R.I.P. Kobe. courtesy U.S. Department of Defense

The BBC: masters of the transitive property

Racist?? No way! The BBC is just super #woke.

Last week, the BBC made the edgy provocative move of broadcasting LeBron James footage when reporting on the passing of Kobe Bryant. The BBC played us like a damn fiddle by subverting our expectations and implemented the transitive property to great effect. What is the transitive property, you ask? It’s a train of thought that takes one aspect of something or someone and connects it to something or someone else without any context. For example, Kobe Bryant is black. LeBron James is black. Thus, Kobe Bryant is LeBron James. The BBC, by making this assumption, begs the question: Is Kobe James LeBron Bryant? Is James Bryant Kobe LeBron? Is LeBron Kobe Kareem Abdul-Jabbar? Is James Bryant Metta World Peace? Is James Kobe James Earl Jones? Is Coco Crisp Crispus Attucks? It leaves one with more questions than answers.

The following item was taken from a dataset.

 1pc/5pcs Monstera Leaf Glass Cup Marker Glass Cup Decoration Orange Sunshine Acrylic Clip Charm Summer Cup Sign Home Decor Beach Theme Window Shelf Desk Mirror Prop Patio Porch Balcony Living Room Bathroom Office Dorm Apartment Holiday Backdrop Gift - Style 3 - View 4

The BBC also wants you to believe pancakes and waffles are the same; Coke and Pepsi; Ryan Gosling and Ryan Reynolds; Big Shaq and Shaquille O’Neal, etc. This is a bold precedent as the BBC shifts our perspective of the entire world. The transitive property is the most flawless line of logic the world has to offer. The Earth is flat. Paper is flat. The Earth is paper. That is an irrefutable fact. The BBC took it a step further and incorporated social commentary on race. People are missing the point of this incisive experiment on racial stereotyping. By making the insinuation that Kobe is LeBron using the transitive property, the BBC makes us all wonder if racial stereotyping is even possible when everyone is the same person.

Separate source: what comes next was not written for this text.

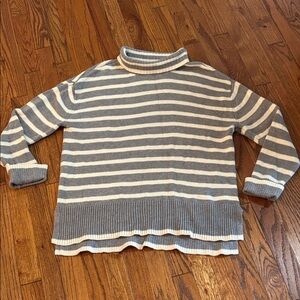 Lucky Brand Striped Cowl Neck Sweater in Gray and Cream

By showing LeBron James highlights while reporting on Kobe Bryant, the BBC has done two helpful things: 1) They showed us the light that is the transitive property. They’ve removed the wool from our eyes by revealing that Kobe transcends above our current plane of existence; thereby releasing us from the matrix. Kobe is love. Kobe is life. 2) They assisted in the effort to free us by conditioning viewers to see what was truly in front of them. You think this was the first time this had happened? How many times have you confused Chris Rock for Chris Tucker? 10,000 times? 20,000? Well, you were right all along. Maybe we’re being racist for not understanding what the transitive property has to offer. At the end of the day, the transitive property offers equality to all things, living and nonliving.